4. C’est le repas de l’amour célébré, vécu. Seigneur tu pars ? Je suis là… Seigneur je voudrais te dire, avant que tu t’en ailles, avant que les soldats et les gardes ne nous séparent de toi que tu comptes pour moi, même si une certaine pudeur m’empêche parfois de le dire et de te l’exprimer. Nous essayons ce soir de formuler maladroitement ces prières d’autant plus que sous nos yeux le Seigneur s’en va, et qu’après il sera trop tard pour le lui dire. Je ressens en cet instant mon indignité, ma faiblesse, mon état de pécheur, mais cela ne m’empêche pas, avec un surcroît de vérité et de justesse, de lui dire qu’Il compte pour moi. Cette foi en lui, elle ne vient pas seulement de moi, elle m’a été transmise, donnée gratuitement, c’est aussi une grâce qui vient du Seigneur et je veux en rendre grâce à mon tour.

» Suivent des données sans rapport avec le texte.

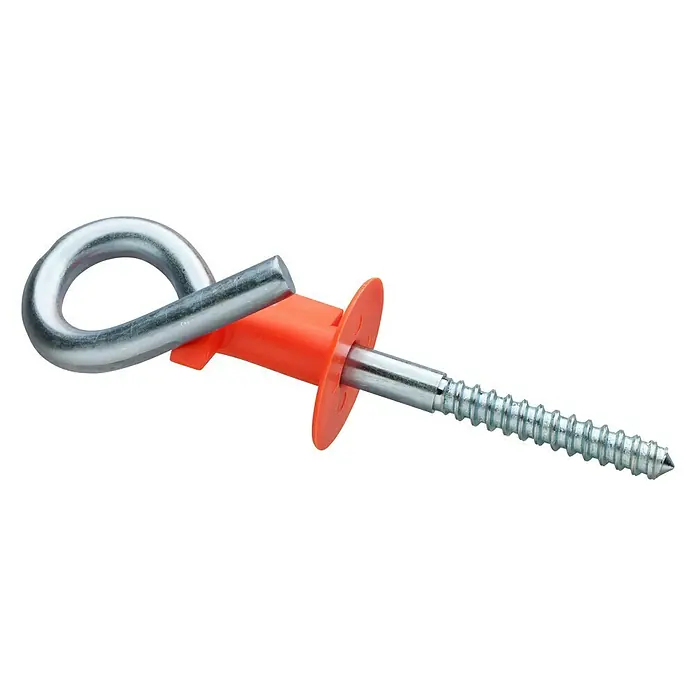 Swing King Schaukelhaken - Ø x L: 1 x 20 cm, 1 -tlg. - Nahaufnahme eines Ankers mit Öse und einer orangefarbenen Kunststoffscheibe auf schwarzem Hintergrund.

5. C’est le moment donc où nous commémorons l’institution de la Cène, ce repas de l’amour qui rassemble les disciples – nous-mêmes – autour du Seigneur. Mais attention là encore ! Pas un repas qui nous renferme sur nous, sous prétexte que nous sommes les fidèles amis du Seigneur ! Vous savez bien que Jésus n’a eu de cesse d’ouvrir ses disciples à plus large qu’eux-mêmes, à voir au-delà des petites frontières que chacun peut tracer autour de soi. Saint Jean ne raconte pas la Cène à ce moment-là du jeudi de la Pâque, mais c’est le récit du lavement des pieds, sans doute parce qu’il estimait que les évangiles et saint Paul lui-même en avait fait assez. Mais ce retrait volontaire en dit assez long non pas pour opposer une scène à une autre, mais pour signifier que l’une est complémentaire de l’autre : pas de véritable disciple sans cette hantise pourrait-on dire, du service de l’amour de l’autre. Et pas de véritable service de l’autre, sans que cela ne soit relié très fort au sacrifice du don de la vie du Seigneur qui a dit : Ceci est mon corps, qui est pour vous. Car quand il dit « ceci » est mon corps, mon corps, c’est d’abord celui de tous ceux que vous soignerez, que vous nourrirez, que vous consolerez, que vous visiterez. Il ne faut pas dissocier l’un de l’autre… Jésus lui-même l’a démontré, lui pour qui le pauvre, le malade physique et spirituel étaient son propre corps qu’il a voulu remettre debout et donner la santé.
Pour terminer, comme le Colonel Beltrame a compris cela ! lui qui s’est offert à la place de son prochain, montrant ainsi peu de temps avant le jeudi saint et le vendredi saint, comme Jésus, l’exemple de l’amour total, livré, donné. Amen.